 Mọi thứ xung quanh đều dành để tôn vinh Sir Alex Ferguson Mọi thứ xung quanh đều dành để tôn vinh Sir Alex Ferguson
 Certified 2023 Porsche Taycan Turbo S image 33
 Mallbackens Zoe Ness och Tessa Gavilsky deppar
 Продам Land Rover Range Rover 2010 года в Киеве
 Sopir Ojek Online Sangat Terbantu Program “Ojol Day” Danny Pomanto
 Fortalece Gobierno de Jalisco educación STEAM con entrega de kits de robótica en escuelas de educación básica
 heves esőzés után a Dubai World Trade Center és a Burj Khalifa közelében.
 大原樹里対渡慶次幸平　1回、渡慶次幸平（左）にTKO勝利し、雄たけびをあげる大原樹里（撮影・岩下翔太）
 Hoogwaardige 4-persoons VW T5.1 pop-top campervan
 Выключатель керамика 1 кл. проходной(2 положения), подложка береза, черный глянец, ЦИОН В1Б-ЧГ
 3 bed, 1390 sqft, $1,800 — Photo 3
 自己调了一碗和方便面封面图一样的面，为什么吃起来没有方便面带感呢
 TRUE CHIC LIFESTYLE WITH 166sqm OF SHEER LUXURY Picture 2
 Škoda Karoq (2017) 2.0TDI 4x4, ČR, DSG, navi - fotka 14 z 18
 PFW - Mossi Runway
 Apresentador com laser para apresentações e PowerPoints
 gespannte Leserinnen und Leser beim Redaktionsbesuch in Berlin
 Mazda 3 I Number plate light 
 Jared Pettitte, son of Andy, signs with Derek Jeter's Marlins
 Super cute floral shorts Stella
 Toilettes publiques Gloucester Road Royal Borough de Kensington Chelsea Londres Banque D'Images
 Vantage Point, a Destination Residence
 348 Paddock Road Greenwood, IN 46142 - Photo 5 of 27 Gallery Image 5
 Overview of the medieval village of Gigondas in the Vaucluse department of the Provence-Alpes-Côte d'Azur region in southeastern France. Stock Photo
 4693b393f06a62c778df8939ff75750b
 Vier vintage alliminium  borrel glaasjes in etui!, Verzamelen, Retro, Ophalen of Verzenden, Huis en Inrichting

» **PROBLEM DESCRIPTION**: An exact copy of the lines from the one containing "4693b393f06a62c778df8939ff75750b" through the end of the entries is required, and nothing beyond them.

» **WRITTEN SOLUTION**:
 4693b393f06a62c778df8939ff75750b
 Vier vintage alliminium  borrel glaasjes in etui!, Verzamelen, Retro, Ophalen of Verzenden, Huis en Inrichting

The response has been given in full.